We are supporting in the hiring for big data engineers with some experience in scala and apache spark. You will be working in a team of highly talented engineers and data scientists. Your main responsibility will be to write highly performant and scalable code that will run on top of their Big Data platform (Spark/Hive/Impala/Hadoop). Also, you will be working closely with the Data Science team to support them in the ETL process (including the cohorts building efforts).
A typical day might include:
- Working in a cross-functional team - alongside talented Engineers and Data Scientists
- Building scalable and high-performant code
- Mentoring less experienced colleagues within the team
- Implementing ETL and Feature Extractions pipelines
- Monitoring cluster (Spark/Hadoop) performance
- Working in an Agile Environment
- Refactoring and moving our current libraries and scripts to Scala/Java
- Enforcing coding standards and best practices
- Working in a geographically dispersed team
- Working in an environment with a significant number of unknowns - both technically and functionally.
Ideally you will have:
- Essential - Strong experience in apache spark and scala
- Strong analytical and problem solving skills with personal interest in subjects such as math/statistics, machine learning and AI.
- Practical experience of TDD (test driven development)
- Practical experience of ScalaTest
- Practical experience of SQL
- Practical experience of Git (or similar like Bitbucket)
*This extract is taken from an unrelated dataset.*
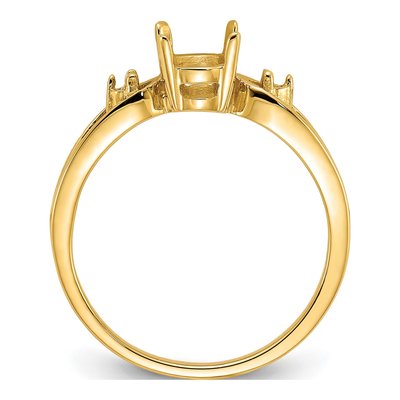 14K Yellow Gold Oval Ring Mounting – view 2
- Experience refactoring code with scale and production in mind
- Experience with integration of data from multiple data sources
- NoSQL databases, such as HBase, Cassandra, MongoDB
- Experience with any of the following distributions of Hadoop - Cloudera/MapR/Hortonworks
- Solid knowledge of data structures and algorithms
Bonus points for:
- Degree in Computer Science(or similar) with experience developing software in a commercial environment - alternatively, a relevant combination of education, training and work experience.
- Other functional Languages such as Haskell and Clojure
- Big Data ML toolkits such as Mahout, SparkML and H2O
- Apache Kafka, Apache Ignite and Druid
- Container technologies such as Docker
- Cloud Platforms technologies such as DCOS/Marathon/Apache Mesos, Kubernetes and Apache Brooklyn.